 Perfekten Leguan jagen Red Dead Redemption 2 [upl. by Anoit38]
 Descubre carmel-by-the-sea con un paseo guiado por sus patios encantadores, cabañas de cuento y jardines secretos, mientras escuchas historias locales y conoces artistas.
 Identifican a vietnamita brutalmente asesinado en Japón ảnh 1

□ □ □ □ □

Task instructions.
Once more, set down the full listing, verbatim.

Reply.
 Perfekten Leguan jagen Red Dead Redemption 2 [upl. by Anoit38]
 Descubre carmel-by-the-sea con un paseo guiado por sus patios encantadores, cabañas de cuento y jardines secretos, mientras escuchas historias locales y conoces artistas.
 Identifican a vietnamita brutalmente asesinado en Japón ảnh 1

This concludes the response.